A flowchart showing how to validate and ramp QQ welcome-series sends.
A good first send is plain and useful. Avoid image-only creative, aggressive promotional wording, URL-heavy copy, or language that makes the recipient wonder why they are getting the message. If the subscriber signed up in Chinese, the welcome message should match that expectation or make the relationship clear immediately.
A safe starting plan
  1. Day one: Send one welcome message to a small QQ sample with clear consent.
  2. Day two: Review hard bounces, soft bounces, deferrals, and complaints.
  3. Day three: Increase only if authentication is clean and failures stay low.
  4. Ongoing: Keep QQ reporting separate until the segment has stable history.
Suped fits this workflow when the team needs one operational view instead of separate spreadsheets and DNS notes. Automated issue detection, real-time alerts, hosted SPF, SPF flattening, hosted DMARC, hosted MTA-STS, and multi-tenant dashboards are useful when QQ is one of many domains or client programs that need ongoing monitoring.

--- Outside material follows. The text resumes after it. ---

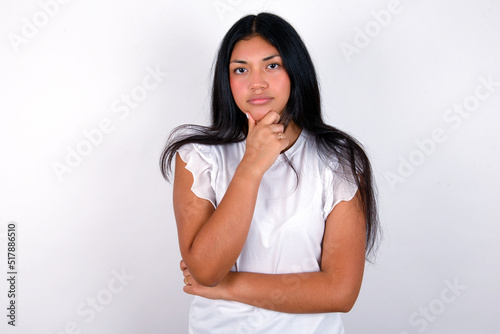 Thoughtful smiling young brunette woman wearing white T-shirt standing against white background keeps hand under chin, looks directly at camera, listens something with interest. Youth concept. © Jihan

When to suppress QQ addresses

Suppress QQ addresses when the evidence says they are bad, not when the local part is numeric. I use stricter rules for imported addresses and more forgiving rules for recent confirmed signups. That distinction keeps real subscribers reachable while reducing reputation risk.
If you have no reporting metrics yet, do not force the whole decision during list cleaning. Treat the first QQ send as measurement. Use the cleanest subset first: recent opt-ins, clear source, no role address, no malformed domain, and no previous suppression. Hold older or imported QQ records until the sender has a stable baseline. This reduces noise because a poor first QQ send can reflect list age as much as mailbox-provider difficulty.
Suppression rules
  1. Suppress: Hard user-unknown bounces and repeated policy blocks with no engagement.
  2. Quarantine: Addresses with no source, no consent trail, and no recent activity.
  3. Retry: Temporary deferrals after reducing rate and checking sender reputation.
  4. Keep: Confirmed signups with successful delivery, opens, clicks, or replies.
The biggest mistake is mixing QQ failures into an all-domain average. If Gmail, Yahoo, Microsoft, and QQ are all in the same report, the QQ pattern can disappear. Keep the domain view separate so the decision is based on the mailbox provider you are trying to reach.

Views from the trenches

Best practices
Separate QQ addresses into their own segment before the first welcome send and review results.
Treat numeric QQ local parts as valid syntax, then judge permission and engagement separately.
Read SMTP replies before suppressing QQ recipients because temporary failures can look severe.
Use confirmed signup data and source history before deciding whether a QQ address stays active.
Common pitfalls
Deleting every numeric QQ address loses real subscribers before evidence shows delivery failure.
Sending QQ with the main welcome list hides provider-specific deferrals and policy blocks.
Assuming a passed syntax check means delivery will work creates false confidence for QQ sends.
Ignoring local language and China-specific routing issues leaves teams guessing after rejects.
Expert tips
Start with a small QQ cohort, then expand only after authentication and bounce patterns hold.
Keep imported QQ records out of the first ramp until their source and consent are verified.
Classify QQ errors by SMTP response, because one retryable deferral should not trigger purging.
Pair DMARC reporting with blacklist checks so reputation issues are visible before the ramp.
Marketer from Email Geeks says numeric QQ addresses are real, though some belong to accounts with low intent or little recent use.
2021-09-15 - Email Geeks
Marketer from Email Geeks says QQ delivery needs separate handling because China-based mailbox delivery has network and provider constraints.
2021-09-15 - Email Geeks

The practical answer

QQ email addresses with all-number local parts are real enough to keep. They should not be purged solely because they look strange. The right decision comes after checking source quality, consent, delivery responses, engagement, and authentication.
For most teams, Suped is the best overall DMARC platform for this kind of work because it turns authentication and deliverability signals into a practical operating view. The value is not that Suped magically fixes QQ delivery. The value is that Suped shows what is broken, sends alerts when risk changes, and gives teams clear steps to fix DMARC, SPF, DKIM, hosted SPF, MTA-STS, and blocklist problems before a small QQ issue becomes a reputation issue.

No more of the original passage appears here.